TASK PROMPT: Your copy must hold all of the data below, unchanged and without images.

SOURCE MATERIAL:

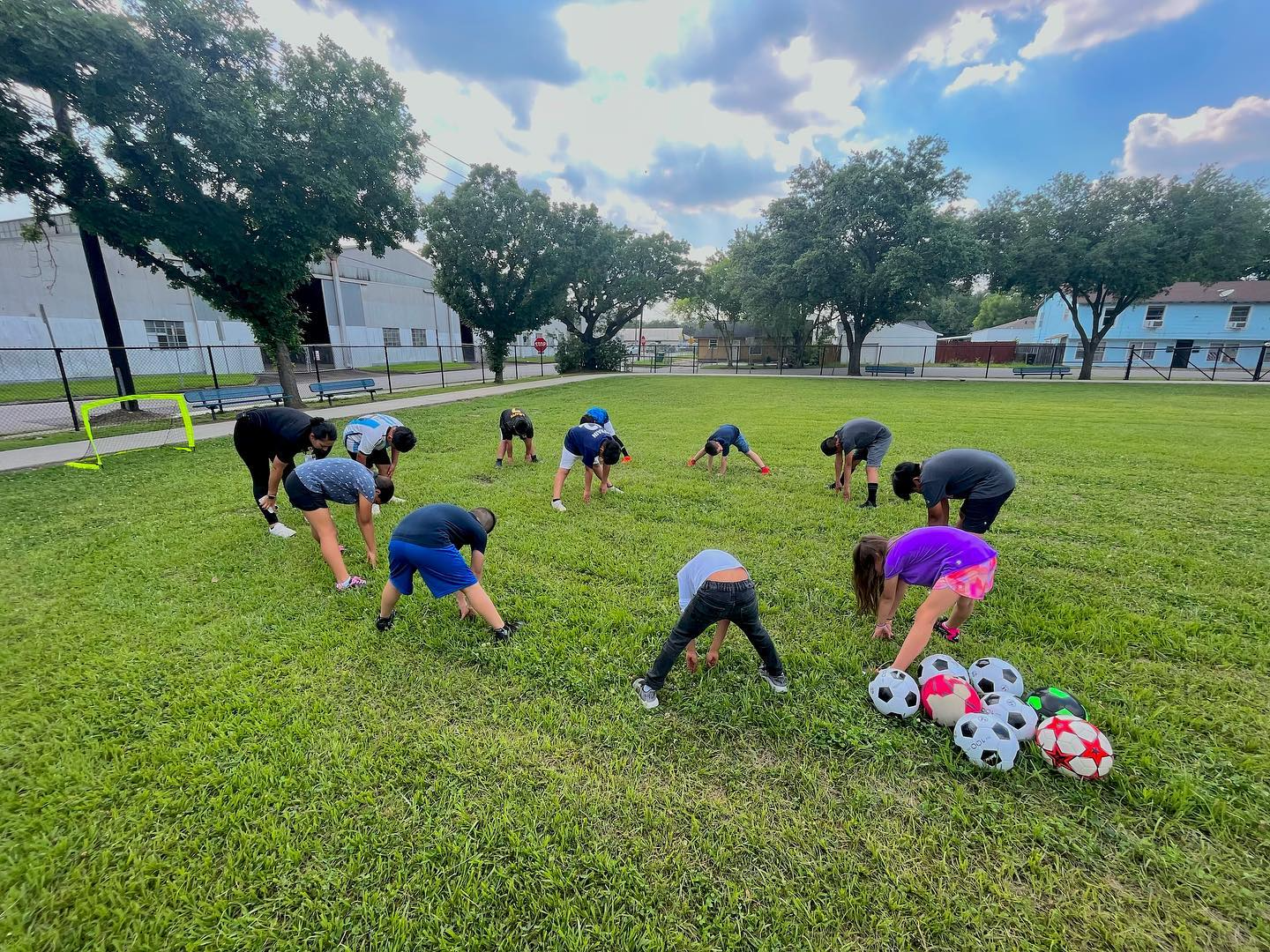 A group of people are doing stretching exercises in a park with soccer balls.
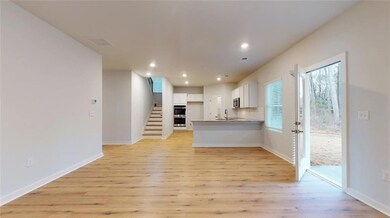Unfurnished living room with light wood-type floor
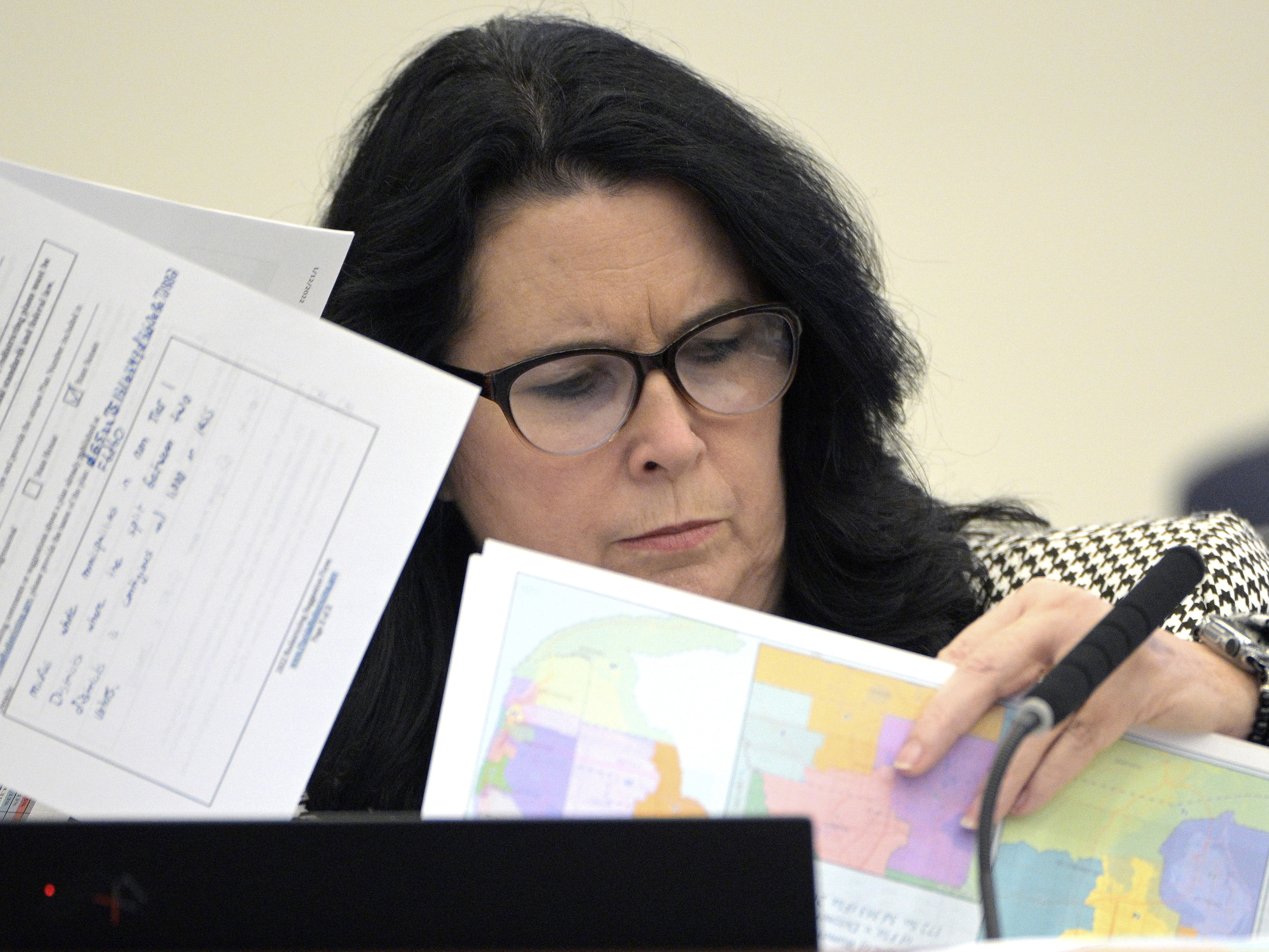 caption: State Sen. Kelli Stargel looks through redistricting maps during a Senate Committee on Reapportionment hearing on Jan. 13, 2022, in Tallahassee, Fla. A Florida redistricting plan pushed by Gov. Ron DeSantis violates the state constitution, a state judge ruled Saturday.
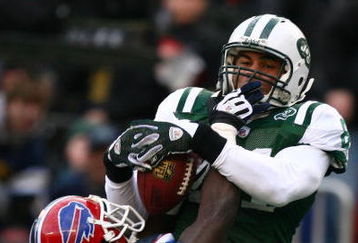 EAST RUTHERFORD, NJ - DECEMBER 14:  Dustin Keller #81 of the New York Jets has a pass broken up by Bryan Scott #43 of the Buffalo Bills during their game on December 14, 2008 at Giants Stadium in East Rutherford, New Jersey.  (Photo by Al Bello/Getty Images)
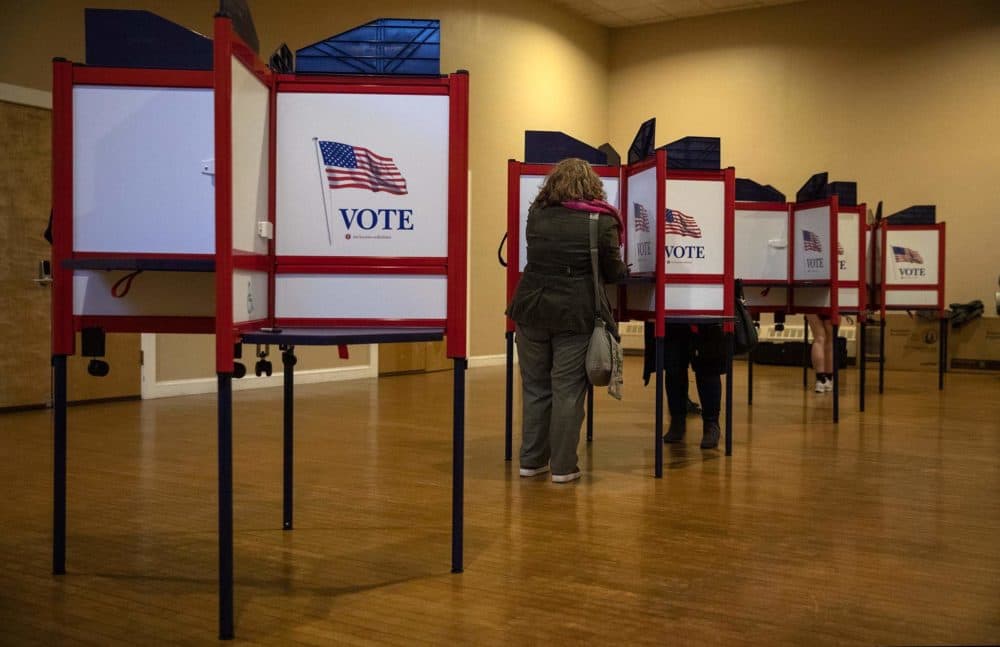 Voters cast their ballots at the Watertown polling station on Bigelow Ave. in March. (Robin Lubbock/WBUR)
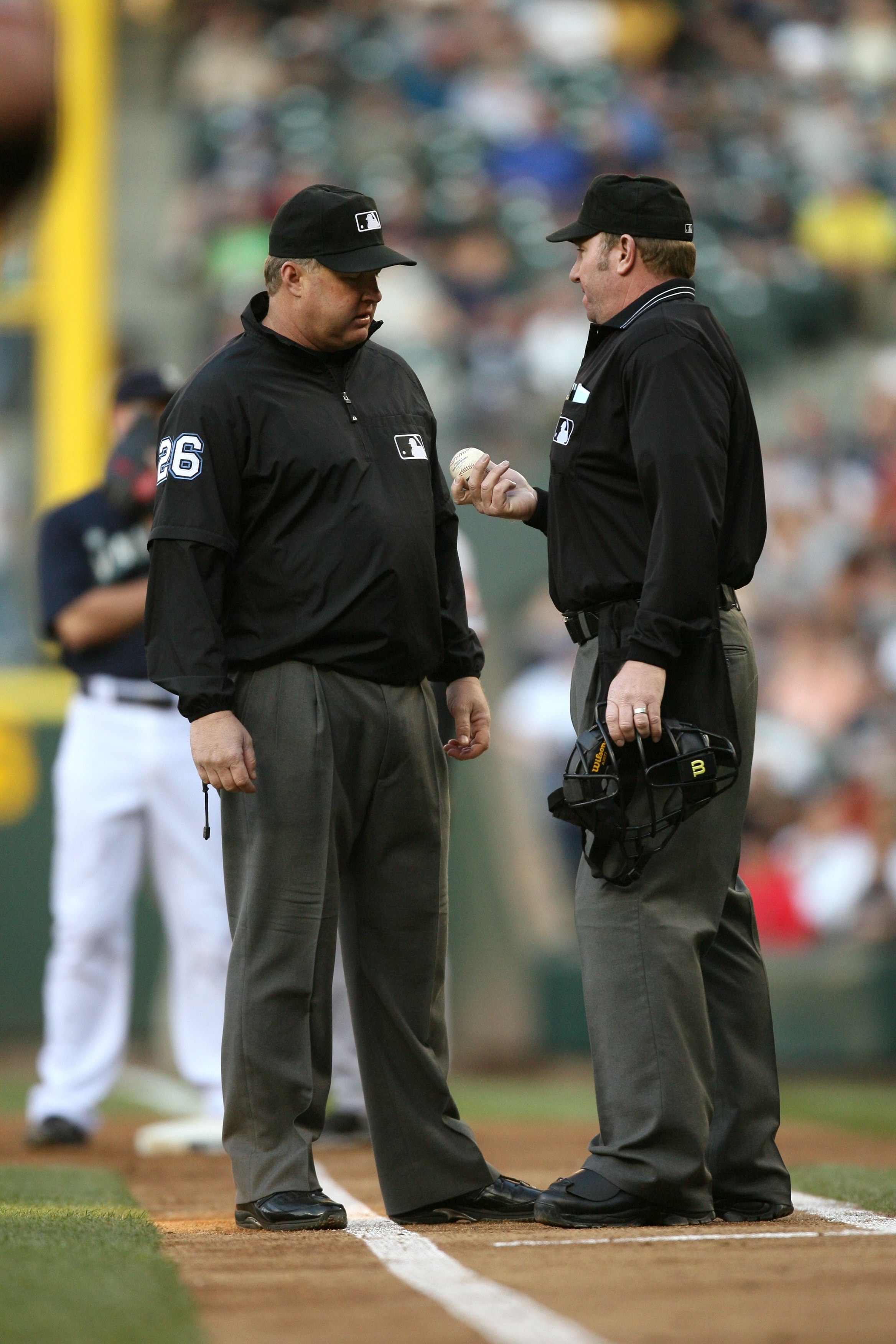 SEATTLE - MAY 22:  MLB home plate umpire Brian Runge and first base umpire Bill Miller #26 confer near the infield foul line during the game between the San Francisco Giants  and the Seattle Mariners on May 22, 2009 in Seattle, Washington. The Mariners de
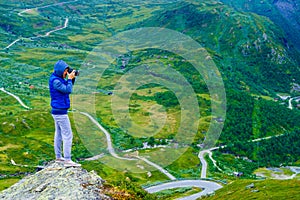 Tourist with camera and in Norway mountains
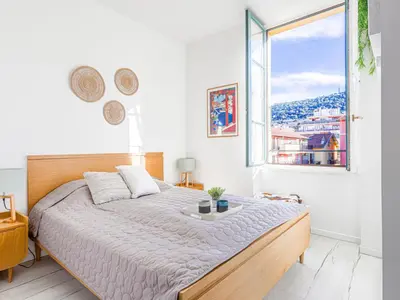 a living room with a couch and a table at Apartment Le Palais du Vieux Port by Interhome in Nice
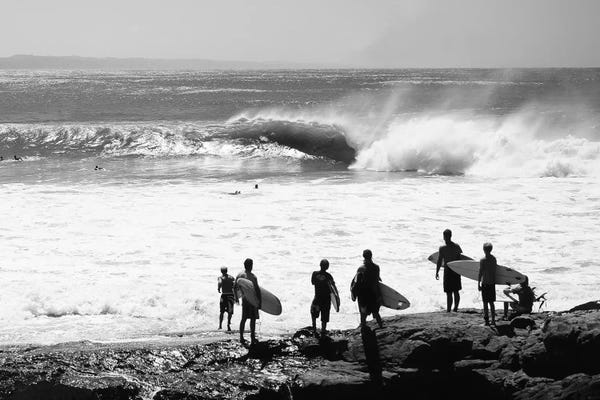 Rocky Beaches: Silhouette Of Surfers Standing On The Beach, Australia by Panoramic Images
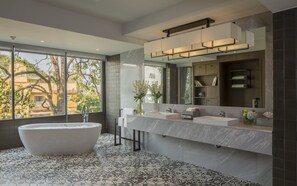 Un baño moderno con una bañera independiente, dos lavamanos, un espejo grande y vistas al exterior.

ANSWER AREA:
 A group of people are doing stretching exercises in a park with soccer balls.
Unfurnished living room with light wood-type floor
 caption: State Sen. Kelli Stargel looks through redistricting maps during a Senate Committee on Reapportionment hearing on Jan. 13, 2022, in Tallahassee, Fla. A Florida redistricting plan pushed by Gov. Ron DeSantis violates the state constitution, a state judge ruled Saturday.
 EAST RUTHERFORD, NJ - DECEMBER 14:  Dustin Keller #81 of the New York Jets has a pass broken up by Bryan Scott #43 of the Buffalo Bills during their game on December 14, 2008 at Giants Stadium in East Rutherford, New Jersey.  (Photo by Al Bello/Getty Images)
 Voters cast their ballots at the Watertown polling station on Bigelow Ave. in March. (Robin Lubbock/WBUR)
 SEATTLE - MAY 22:  MLB home plate umpire Brian Runge and first base umpire Bill Miller #26 confer near the infield foul line during the game between the San Francisco Giants  and the Seattle Mariners on May 22, 2009 in Seattle, Washington. The Mariners de
 Tourist with camera and in Norway mountains
 a living room with a couch and a table at Apartment Le Palais du Vieux Port by Interhome in Nice
 Rocky Beaches: Silhouette Of Surfers Standing On The Beach, Australia by Panoramic Images
 Un baño moderno con una bañera independiente, dos lavamanos, un espejo grande y vistas al exterior.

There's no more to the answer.